Organizing, Visualizing Data Flashcards
Numerical Data (quantitative data)
▪️ Continuous data: can take on any numerical value in a specified range of values.
▪️ Discrete data: The data are limited to a finite number of values.
Categorical Data (qualitative data)
▪️ Nominal data: Categorical values that are not amenable to being organized in a logical order.
▪️ Ordinal data: Categorical values that can be logically ordered or ranked.
Structured Data
are highly organized in a pre-defined manner, usually with repeating patterns.
For example:
▪️ Daily closing stock price
▪️ EPS, P/E, dividend yield, ROE
Unstructured Data
are data that do not follow any conventionally organized forms
For example:
▪️ Text, social media post
▪️ Corporate regulatory filings
One-dimensional array
is the simplest format for representing a collection of data of the same data type, so it is suitable for representing a single variable.
two-dimensional rectangular array
also called a “data table”, Similar to the structure in an Excel spreadsheet
Tree-map
It consists of a set of colored rectangles to represent distinct groups, and the area of each rectangle is proportional to the value of the corresponding group.
Heat-map
A type of graphic that organizes and summarizes data in a tabular format and represents them using a color spectrum.

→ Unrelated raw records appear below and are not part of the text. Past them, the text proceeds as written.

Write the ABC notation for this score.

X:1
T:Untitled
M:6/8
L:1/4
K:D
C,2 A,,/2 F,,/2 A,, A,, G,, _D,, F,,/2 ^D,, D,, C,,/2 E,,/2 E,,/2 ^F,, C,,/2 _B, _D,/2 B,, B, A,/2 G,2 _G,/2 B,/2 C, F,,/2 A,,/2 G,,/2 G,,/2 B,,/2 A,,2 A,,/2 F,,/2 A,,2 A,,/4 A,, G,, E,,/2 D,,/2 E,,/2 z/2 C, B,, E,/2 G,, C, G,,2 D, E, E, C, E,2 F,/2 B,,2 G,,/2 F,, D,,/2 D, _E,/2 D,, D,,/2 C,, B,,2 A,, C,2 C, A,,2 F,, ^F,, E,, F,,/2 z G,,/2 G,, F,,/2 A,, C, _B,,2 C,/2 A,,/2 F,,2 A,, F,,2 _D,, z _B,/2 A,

Besides their use in displaying frequency distribution and relationship.
Trimmed mean
computed by excluding a stated small percentage of the lowest and highest values.
Winsorized mean
computed by a stated percentage of the lowest values equal to one specified low value, and a stated percentage of the highest values equal to one specified high value.
Mode
▪️ unimodal
▪️ bimodal
▪️ trimodal
when such data are grouped into bins, however, we often find an interval with the highest frequency (modal interval).
Percentile
▪️ quartiles: 4
▪️ deciles: 10
▪️ quintile: 5
▪️ percentile: 100
L = (n+1) y/100
where L: location
Interquartile Range
IQR = Q3 - Q1
Upper / Lower fence of the Box plot
▪️ Upper fence = (1.5 x IQR range) + Q3 upper bound
▪️ Lower fence = -(1.5 x IQR range) + Q2 lower bound
Coefficient of variation
CV = s / X